Having located the line with "2024 Chevrolet Blazer 3LT photo 2", repeat it and all remaining lines of the records exactly. Pictures do not belong in the answer.

● **RECORDS SUPPLIED**
──────────
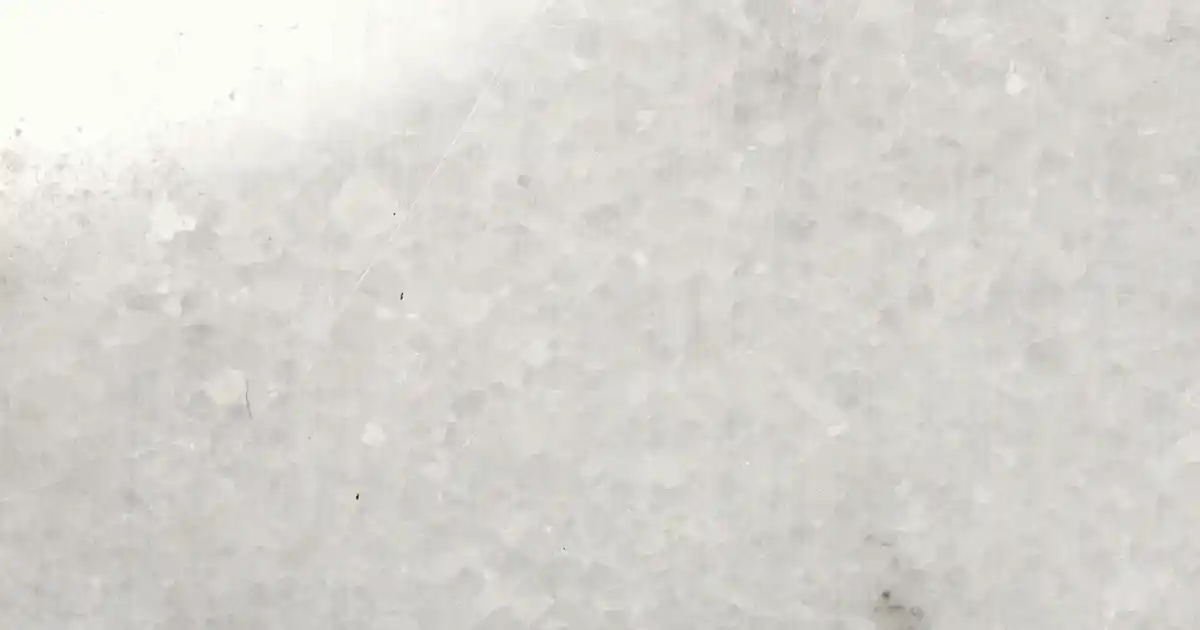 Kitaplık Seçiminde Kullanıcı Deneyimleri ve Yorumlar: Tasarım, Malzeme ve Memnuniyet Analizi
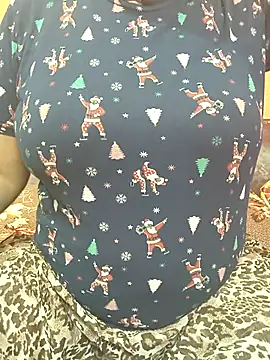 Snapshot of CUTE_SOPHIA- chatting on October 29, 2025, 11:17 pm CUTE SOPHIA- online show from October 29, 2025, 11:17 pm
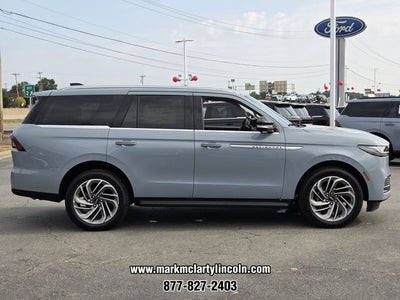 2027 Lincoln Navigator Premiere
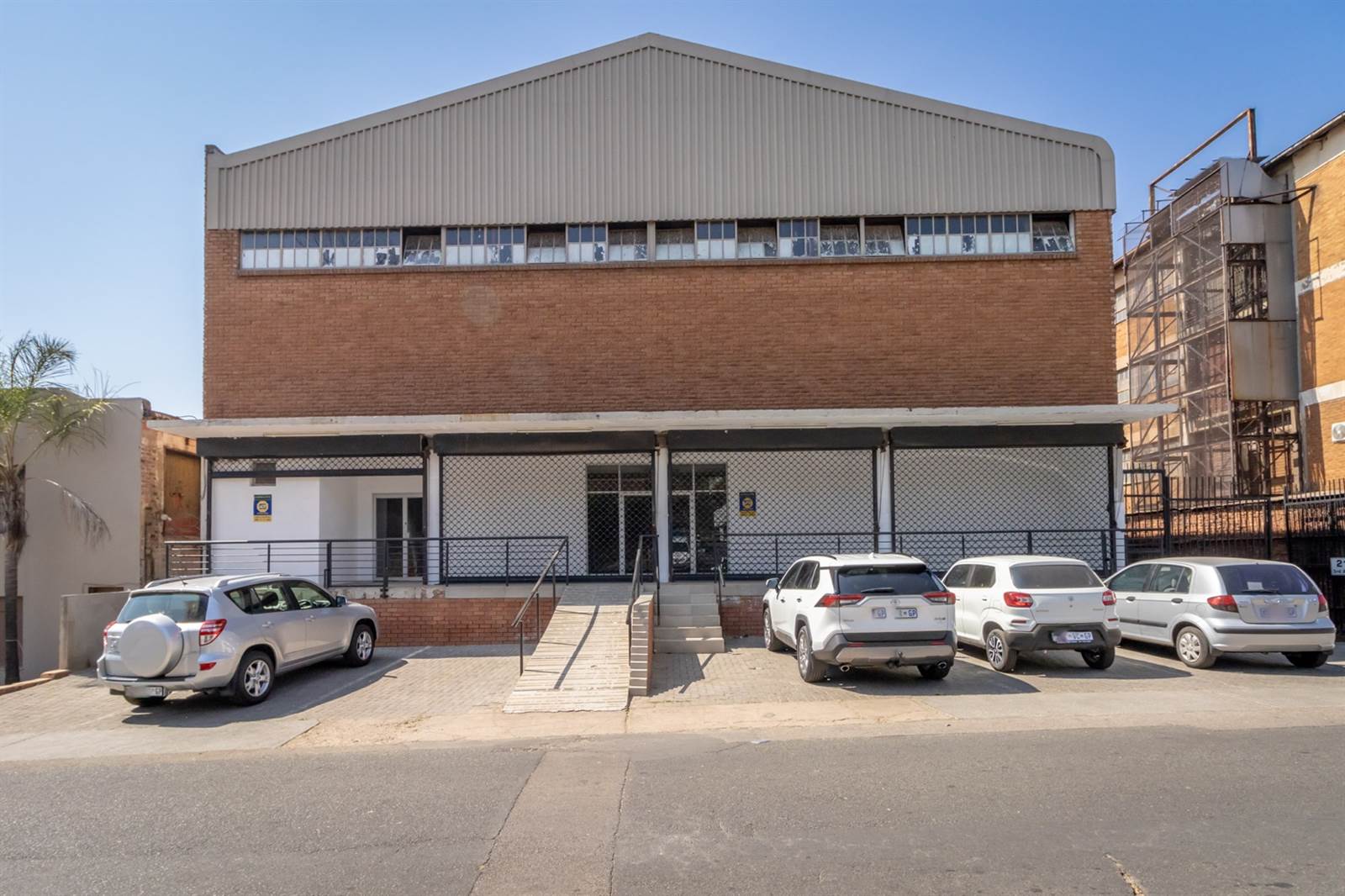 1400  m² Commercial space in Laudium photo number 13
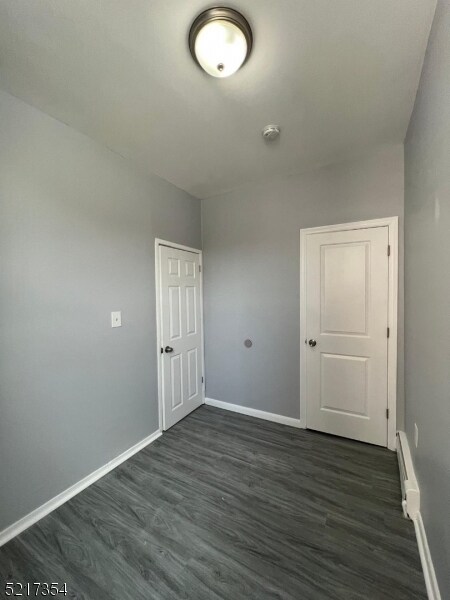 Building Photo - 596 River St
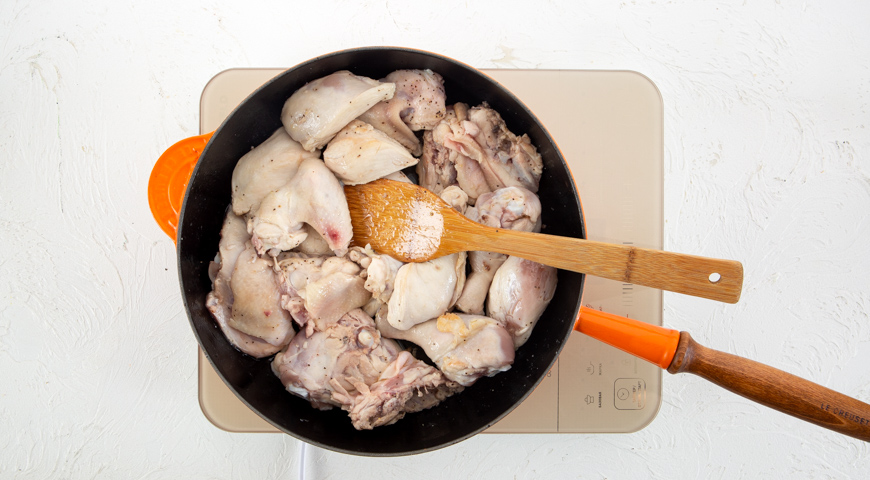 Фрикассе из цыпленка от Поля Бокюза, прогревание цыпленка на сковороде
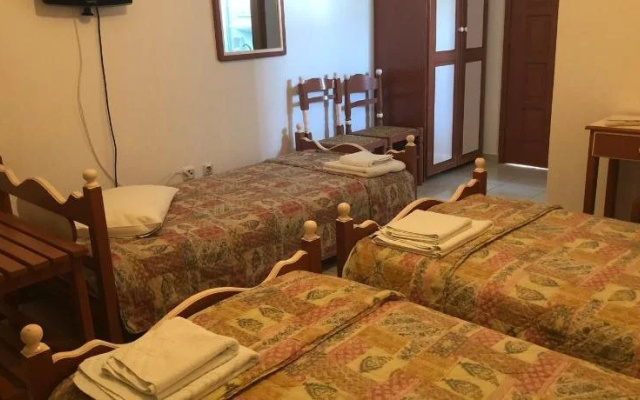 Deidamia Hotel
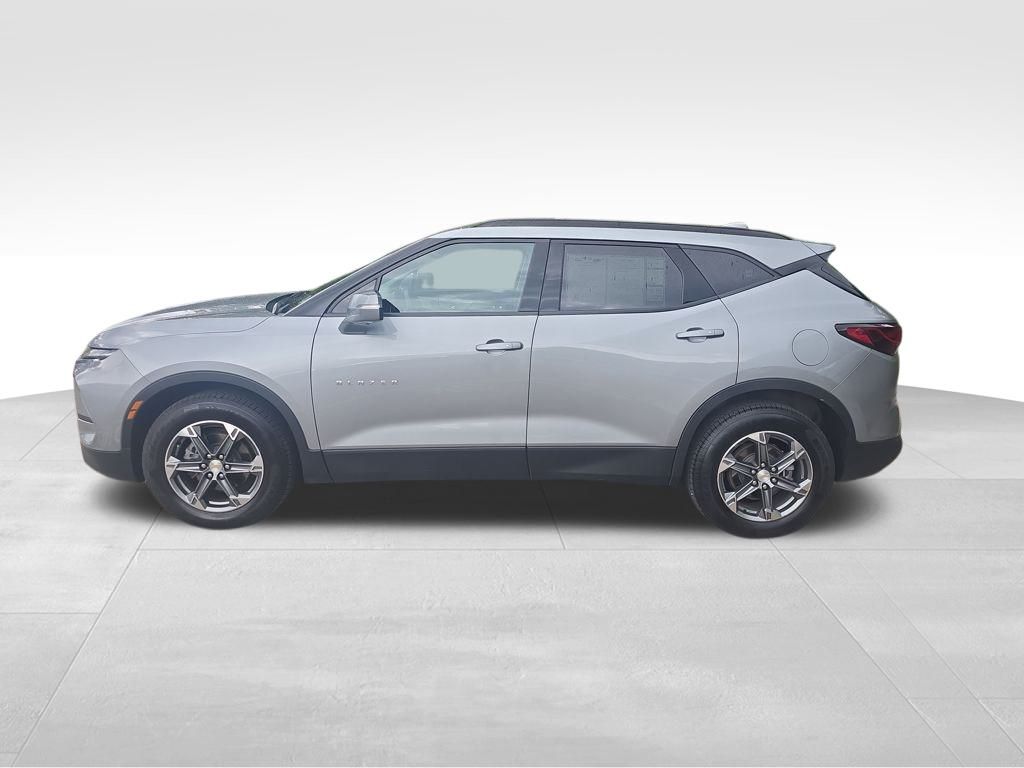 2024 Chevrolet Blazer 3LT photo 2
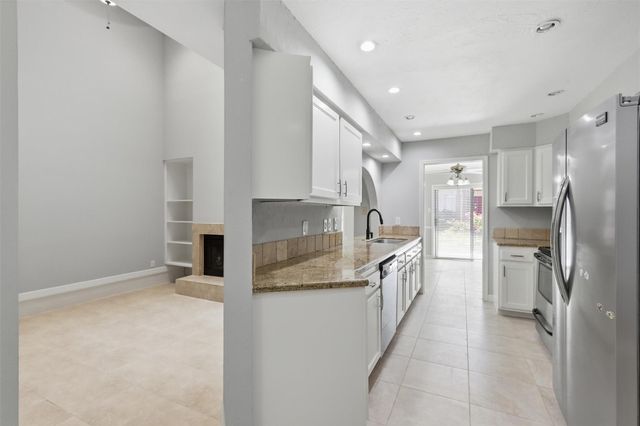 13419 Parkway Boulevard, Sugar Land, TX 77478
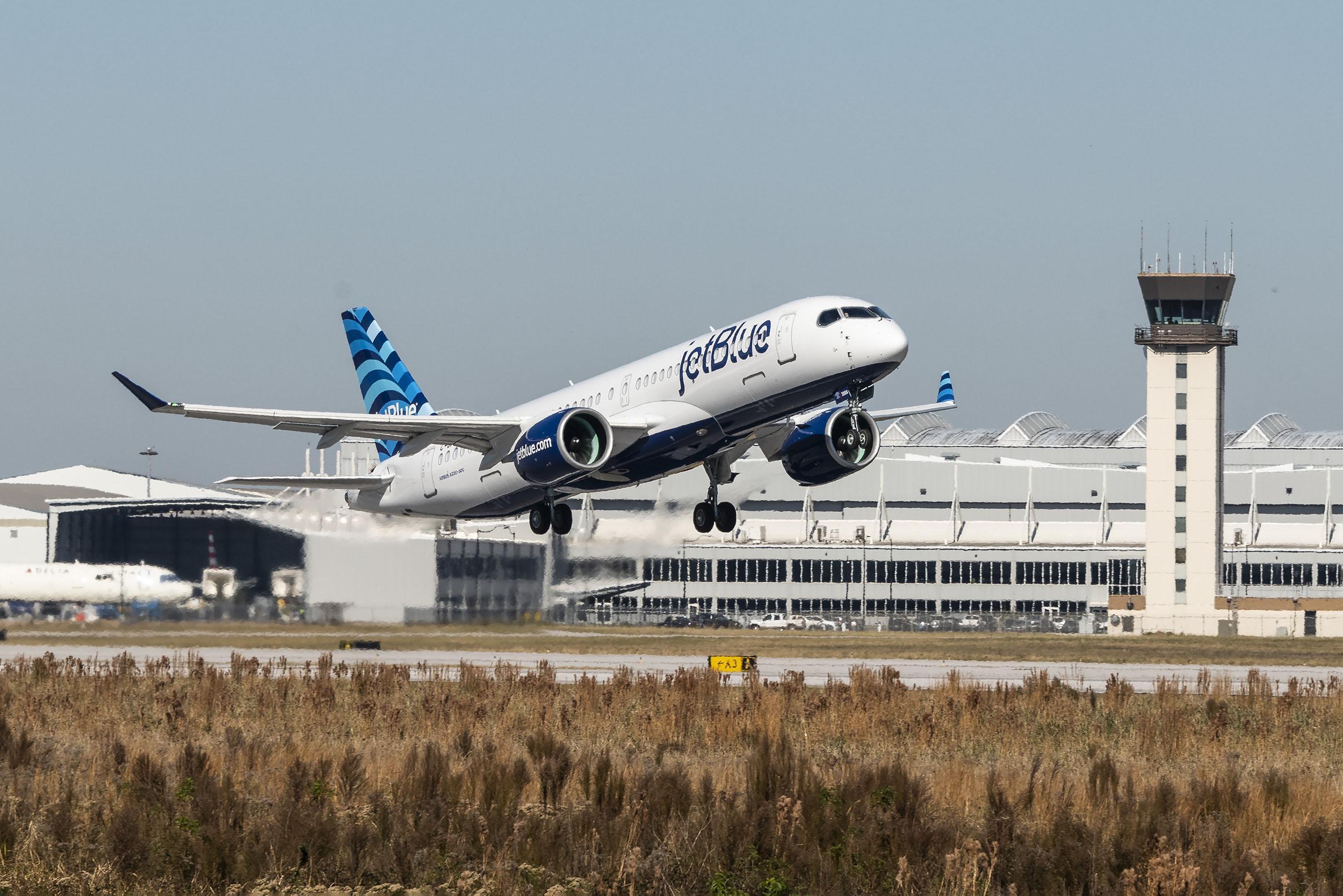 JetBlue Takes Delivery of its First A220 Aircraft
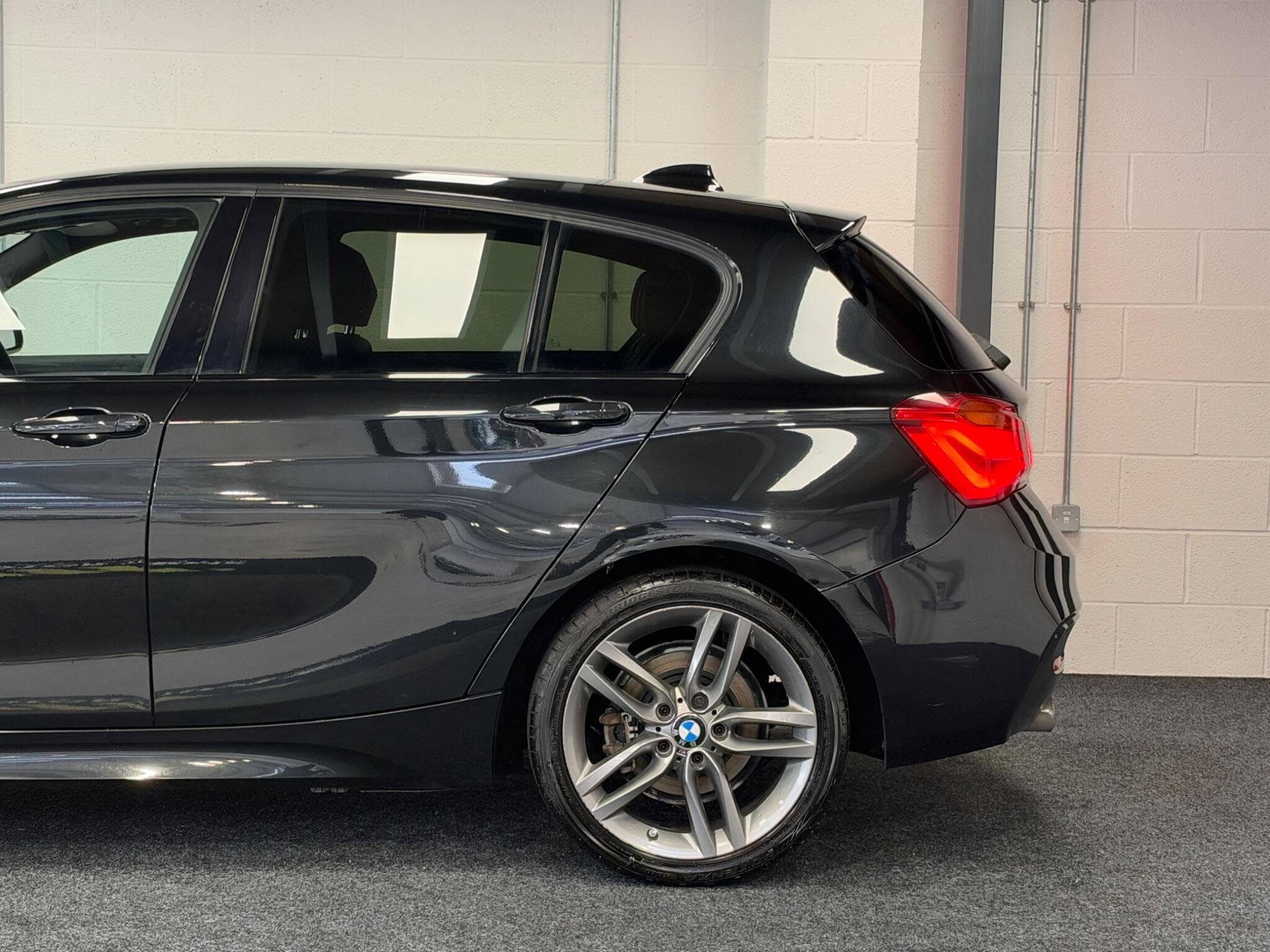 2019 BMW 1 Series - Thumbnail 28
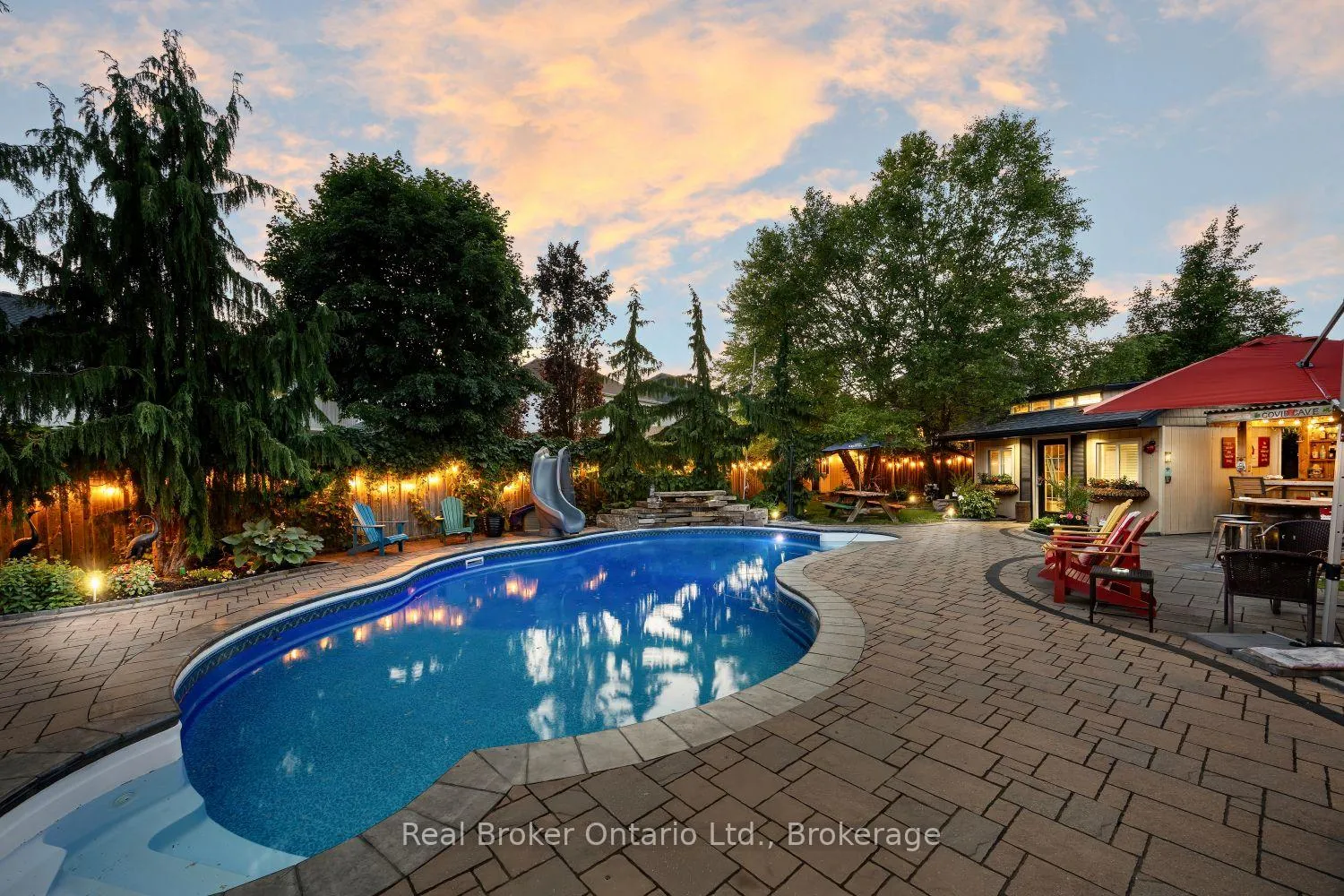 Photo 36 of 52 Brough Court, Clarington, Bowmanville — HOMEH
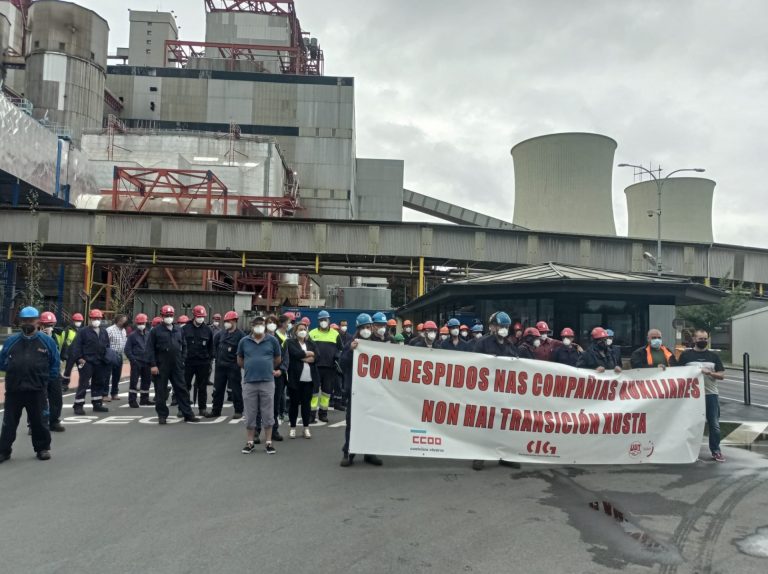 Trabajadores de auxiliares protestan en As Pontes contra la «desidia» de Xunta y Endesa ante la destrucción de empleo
──────────
● **SOLVED PROBLEM**
 2024 Chevrolet Blazer 3LT photo 2
 13419 Parkway Boulevard, Sugar Land, TX 77478
 JetBlue Takes Delivery of its First A220 Aircraft
 2019 BMW 1 Series - Thumbnail 28
 Photo 36 of 52 Brough Court, Clarington, Bowmanville — HOMEH
 Trabajadores de auxiliares protestan en As Pontes contra la «desidia» de Xunta y Endesa ante la destrucción de empleo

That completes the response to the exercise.